- Medtech Life Spine said Thursday it agreed to pay the government $5.5 million to settle allegations it used consulting fees and other payments to induce use of its devices. Life Spine allegedly spent more than $7 million on such fees and failed to fully comply with the reporting rules set out in the Physician Payment Sunshine Act, according to the Department of Justice.
- Executives Michael Butler, Life Spine's founder, president and CEO, and Richard Greiber, vice president of business development, settled for $375,000 and $115,000, respectively. Judge Jed Rakoff of the U.S. District Court for the Southern District of New York approved the settlement on Wednesday.
- Life Spine and its executives admitted to and accepted responsibility for certain allegations of misconduct but the company noted the government's complaint didn't question the quality, safety, or effectiveness of Life Spine products.
The DOJ sued Huntley, Illinois-based Life Spine in July, alleging the privately held company paid kickbacks to surgeons in violation of the Anti-Kickback Statute.
The government alleged Life Spine failed to report some of the $7 million it paid to surgeons from 2012 to 2018, putting it in violation of the Physician Payment Sunshine Act. The surgeons who received the kickbacks accounted for approximately half of Life Spine's domestic sales of spinal products from 2012 through 2018, the government said.
The company admitted it entered into agreements between 2012 and 2018 with dozens of surgeons and paid these surgeons, and entities owned in whole or in part by the surgeons, millions in consulting fees, royalties and intellectual property acquisition payments. Most of the surgeons who received these payments substantially increased their usage of Life Spine products as a result of these agreements, according to the settlement agreement.
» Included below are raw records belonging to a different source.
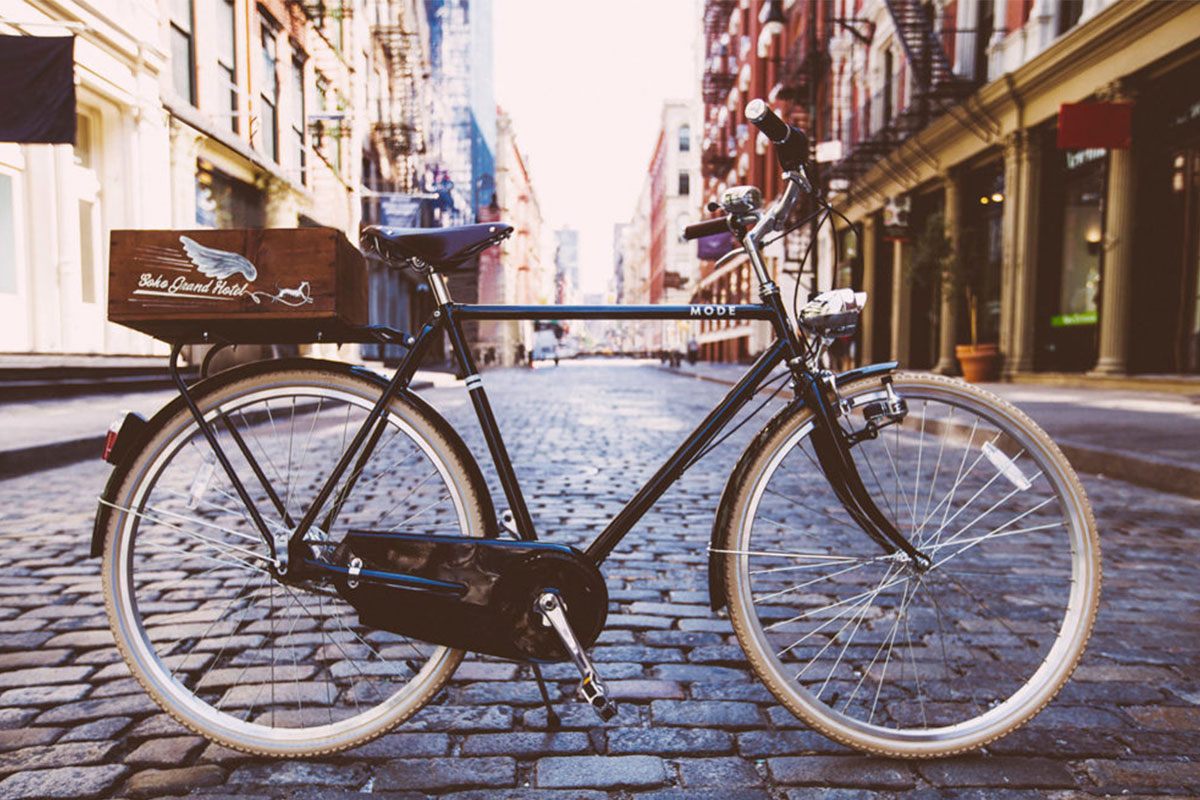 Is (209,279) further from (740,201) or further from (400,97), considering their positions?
(400,97)

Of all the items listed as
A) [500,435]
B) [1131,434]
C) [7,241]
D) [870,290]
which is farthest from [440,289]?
[870,290]

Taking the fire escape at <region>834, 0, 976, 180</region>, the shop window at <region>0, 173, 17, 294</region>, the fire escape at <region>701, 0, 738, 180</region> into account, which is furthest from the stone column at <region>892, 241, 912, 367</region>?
the fire escape at <region>701, 0, 738, 180</region>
LifeSpine also acknowledged it compared its payments to each surgeon to their purchases of its devices and calculated the return on investment on Life Spine's payments to each of these surgeons, sorting the surgeons from highest to lowest ROI. It also admitted that when the surgeons' usage decreased, senior sales managers would contact the surgeons, or their distributors, to encourage the surgeons to use Life Spine products more frequently.
For his part, Butler accepted responsibility for identifying and retaining some of the surgeons who were also paid consultants for the company and would contact the surgeons or their distributors to urge more frequent use of Life Spine products when the surgeons' use decreased.
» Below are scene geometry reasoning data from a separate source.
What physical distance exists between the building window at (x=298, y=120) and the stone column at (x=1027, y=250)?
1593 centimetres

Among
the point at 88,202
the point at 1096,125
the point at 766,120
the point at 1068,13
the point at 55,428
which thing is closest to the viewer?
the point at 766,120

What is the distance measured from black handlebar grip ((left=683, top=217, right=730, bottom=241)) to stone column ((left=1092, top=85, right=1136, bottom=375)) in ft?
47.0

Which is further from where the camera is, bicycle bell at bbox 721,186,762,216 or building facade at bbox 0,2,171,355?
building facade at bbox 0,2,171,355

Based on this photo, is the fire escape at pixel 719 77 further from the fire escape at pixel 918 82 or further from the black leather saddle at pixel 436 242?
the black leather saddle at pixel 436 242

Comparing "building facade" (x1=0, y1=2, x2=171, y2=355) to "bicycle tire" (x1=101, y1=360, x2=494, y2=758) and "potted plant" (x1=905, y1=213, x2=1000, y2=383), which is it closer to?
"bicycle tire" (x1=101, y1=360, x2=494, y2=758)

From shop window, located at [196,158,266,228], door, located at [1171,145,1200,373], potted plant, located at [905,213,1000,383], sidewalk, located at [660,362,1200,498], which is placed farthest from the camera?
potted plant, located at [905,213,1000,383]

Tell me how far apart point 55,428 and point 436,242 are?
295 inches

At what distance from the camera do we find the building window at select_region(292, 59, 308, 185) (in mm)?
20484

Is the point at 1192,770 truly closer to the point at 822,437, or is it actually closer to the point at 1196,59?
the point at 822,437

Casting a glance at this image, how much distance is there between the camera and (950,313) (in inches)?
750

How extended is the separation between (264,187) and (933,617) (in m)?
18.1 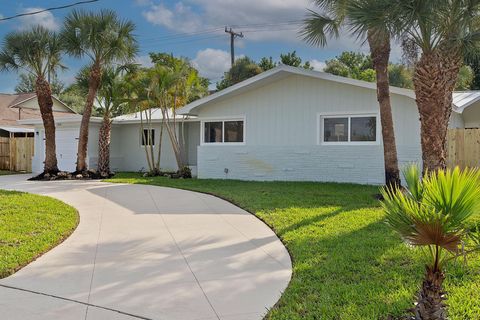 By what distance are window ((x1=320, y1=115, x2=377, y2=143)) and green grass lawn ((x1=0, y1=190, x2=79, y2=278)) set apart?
8652 millimetres

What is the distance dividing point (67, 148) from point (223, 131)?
31.0 ft

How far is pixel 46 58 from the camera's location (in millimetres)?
17391

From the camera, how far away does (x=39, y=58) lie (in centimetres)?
1717

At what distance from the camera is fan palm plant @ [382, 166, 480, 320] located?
3010 millimetres

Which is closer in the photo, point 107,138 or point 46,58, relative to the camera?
point 46,58

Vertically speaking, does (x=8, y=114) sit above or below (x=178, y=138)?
above

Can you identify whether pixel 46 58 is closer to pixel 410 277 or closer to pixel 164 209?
pixel 164 209

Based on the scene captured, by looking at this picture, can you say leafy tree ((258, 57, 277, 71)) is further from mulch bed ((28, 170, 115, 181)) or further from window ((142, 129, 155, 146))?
mulch bed ((28, 170, 115, 181))

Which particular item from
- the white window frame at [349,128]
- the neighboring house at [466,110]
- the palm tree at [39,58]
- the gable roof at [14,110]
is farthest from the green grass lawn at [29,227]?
the gable roof at [14,110]

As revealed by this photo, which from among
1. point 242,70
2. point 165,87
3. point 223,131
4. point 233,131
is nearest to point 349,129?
point 233,131

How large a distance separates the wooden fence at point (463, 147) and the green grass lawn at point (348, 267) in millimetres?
4210

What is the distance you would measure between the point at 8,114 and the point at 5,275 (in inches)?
1153

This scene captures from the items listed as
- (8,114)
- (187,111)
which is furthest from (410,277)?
(8,114)

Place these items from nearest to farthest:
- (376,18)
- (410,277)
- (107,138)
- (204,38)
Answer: (410,277) < (376,18) < (107,138) < (204,38) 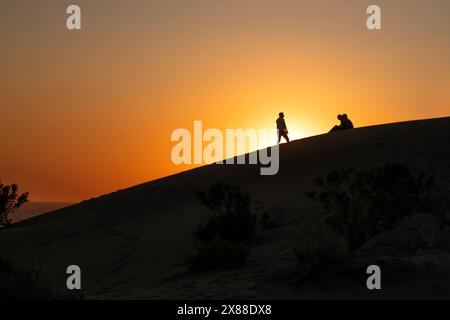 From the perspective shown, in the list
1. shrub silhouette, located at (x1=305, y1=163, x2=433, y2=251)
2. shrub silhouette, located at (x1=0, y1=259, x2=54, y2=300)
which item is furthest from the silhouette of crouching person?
shrub silhouette, located at (x1=0, y1=259, x2=54, y2=300)

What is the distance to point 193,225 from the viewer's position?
19828 mm

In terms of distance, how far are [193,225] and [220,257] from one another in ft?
22.6

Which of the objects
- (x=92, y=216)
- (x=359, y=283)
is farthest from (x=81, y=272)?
(x=92, y=216)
And Greibler admitted he was one of the managers responsible for reviewing the qualifications of, selecting, and approving surgeons who served as company paid consultants. He also admitted he was one of the company managers who signed an intellectual property purchase agreement for a static compression plate owned by a company associated with a surgeon who accounted for more than $3.7 million in Life Spine product sales between 2012 and 2016.
Life Spine's devices, used to surgically treat spine disorders, are now sold in 30 countries, including Vietnam and parts of South America, part of a global expansion the company touted earlier this year even as it was being sued by the government.
The company received 510(k) clearance in late July for the 8mm to 10mm widths of its Prolift Expandable Spacer System.